Après le confinement, les Français veulent-ils plus s’engager ? Réponse dans le Baromètre de la fraternité

Plus d'entraide après le confinement ?

Le Labo de la fraternité, regroupant Coexister, Unis-cité, Kawaa, Singa, le Pacte civique, Fraternité générale, La Fabrique Spinoza et la Cloche, publie, en cette Journée internationale du vivre-ensemble en paix, un Baromètre de la fraternité. Comment les Français perçoivent-ils les questions de solidarité ?

Cette étude a été réalisée par l’Ifop en pleine crise sanitaire. 2 000 personnes ont été interrogées entre le 17 et 22 avril, durant le confinement. Une période propice à la réflexion concernant le jour d’après et à l’émergence d’actions de solidarité au quotidien. Vidéos et reportages ont montré que de nombreux citoyens se sont entraidés au cours de cette période particulière. Ce sondage vient le démontrer.

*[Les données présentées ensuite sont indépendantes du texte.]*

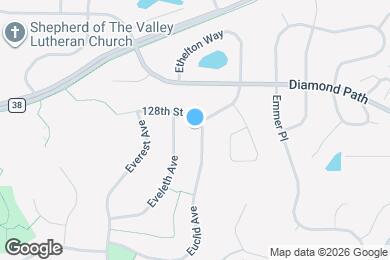 Map image of the property - 12807 Euclid Ave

Renforcer la cohésion nationale

7 Français sondés sur 10 déclarent avoir téléphoné à des personnes isolées, 4 citoyens sur 10 (et près d’un Français de moins de 24 ans sur deux) ont affirmé avoir applaudi à leur fenêtre à 20 heures. Un tiers des sondés ont, eux, dit avoir fait des courses pour des personnes âgés et 2 interrogés sur 10 sont de l’avis que cette période les a rapprochés de leurs voisins. Certains ont même déclaré avoir donné un peu d’argent à des associations

Pour autant, le monde de demain ressemblera-t-il à un monde plus ouvert, plus solidaire ? Une bonne moitié des interrogés semble être de l’avis que le coronavirus peut « causer un repli des Français sur eux-mêmes ». C’est sans doute dû en partie à la peur de se rapprocher des autres et à la crainte de tomber malade.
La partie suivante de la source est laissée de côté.